The Sunday Times has an article reporting that many homebuyers who took out adjustable rate mortgages 3 years ago, are now refinancing to avoid higher mortgage rates. The article (actually the accompanying chart) also adds that many are refinancing with negative amortization loans, under which the outstanding principle increases through time. The chart tells readers that this could make sense, as long as house prices continue to rise.
Okay, let's check the numbers here. Three years ago, homeowners were taking out adjustable rate mortgages at rates in the neighborhood of 4.5 percent. Many are now resetting at rates that are 2.0 percentage points higher, or close to 6.5 percent. The article reports that the national average for adjustable rate mortgages is now 6.28 percent. Throw in fees of 0.5 to 1.0 percent and it's hard to find the savings.
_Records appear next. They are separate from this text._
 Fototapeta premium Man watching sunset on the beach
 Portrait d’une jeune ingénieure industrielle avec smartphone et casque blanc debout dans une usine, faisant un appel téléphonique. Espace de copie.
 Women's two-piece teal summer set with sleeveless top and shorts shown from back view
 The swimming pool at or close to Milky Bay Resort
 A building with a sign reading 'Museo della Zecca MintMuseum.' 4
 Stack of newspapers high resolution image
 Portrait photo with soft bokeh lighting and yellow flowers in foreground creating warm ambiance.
In other words, simply exchanging adjustable rate mortgages will not in general save homeowners any money.
Now, the point may be that homeowners are pulling more equity out of their home, taking advantage of the strong appreciation in many areas over the last three years. While, contrary to claims in the article, this doesn't save anything in terms of monthly payments (the payment on a larger mortgage will be higher, not lower), the additional cash can postpone a day of reckoning.
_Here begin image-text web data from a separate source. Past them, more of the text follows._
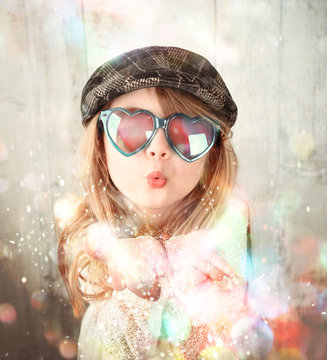 Child Blowing Colorful Sparkle Glitters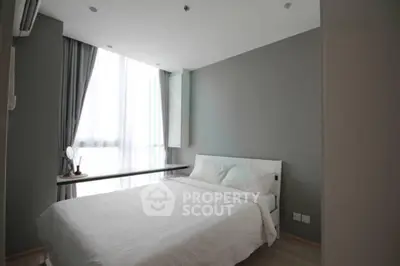 Modern minimalist bedroom with natural light and sleek design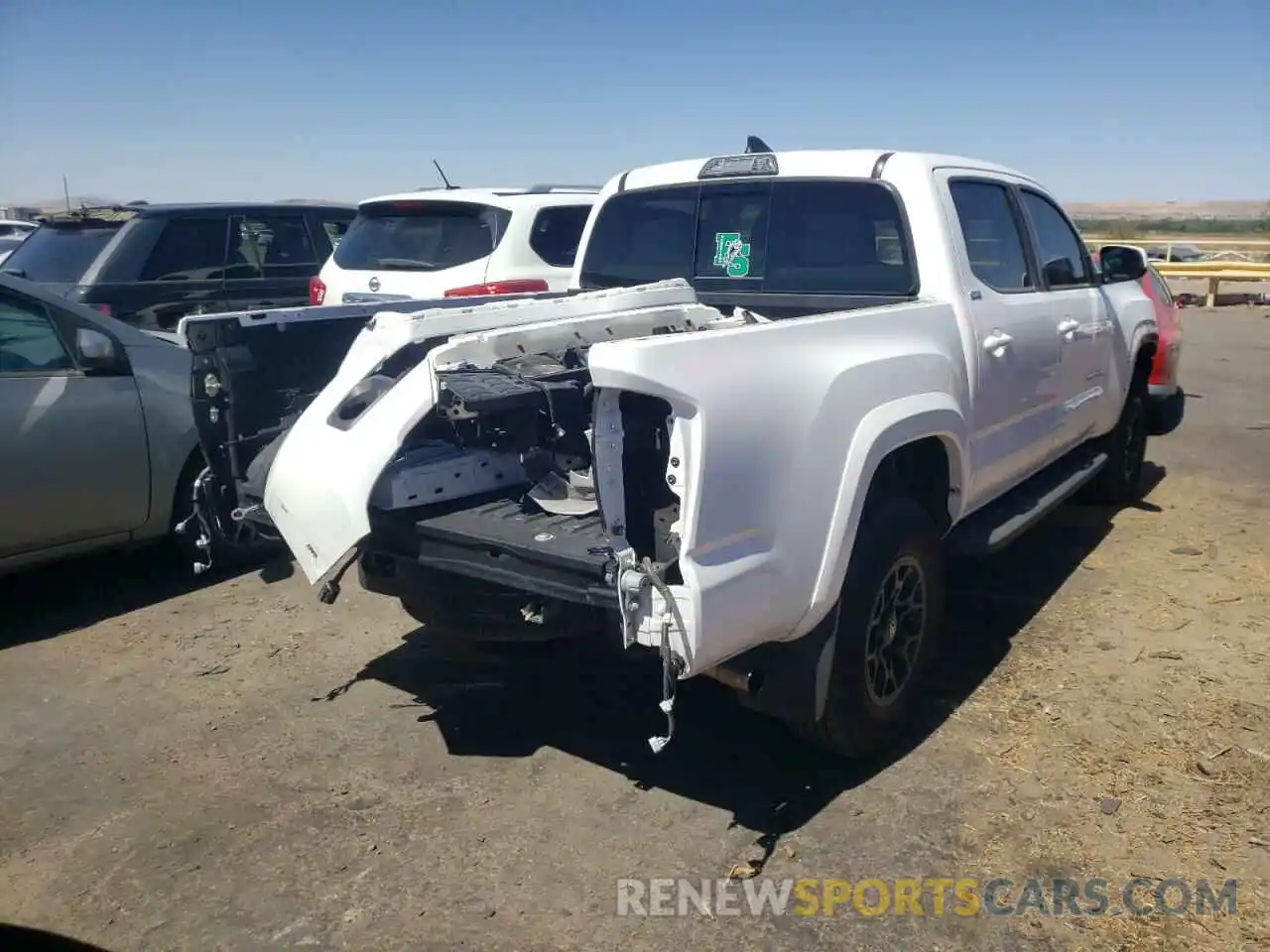 4 Photograph of a damaged car 3TMAZ5CN1KM101370 TOYOTA TACOMA 2019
However, the risk in this case is really the exact opposite of what the article claims. The article reports that this strategy may make sense if home prices continue to climb. Actually, pulling out more equity can make much more sense if home prices fall. In that case, the mortgage holder is left with a mortgage that exceeds the value of the house. The homeowner can walk away turning over a house that may be worth much less than the amount of money he has borrowed. That might not be pretty, but it is what will happen in hundreds of thousands of cases across the country.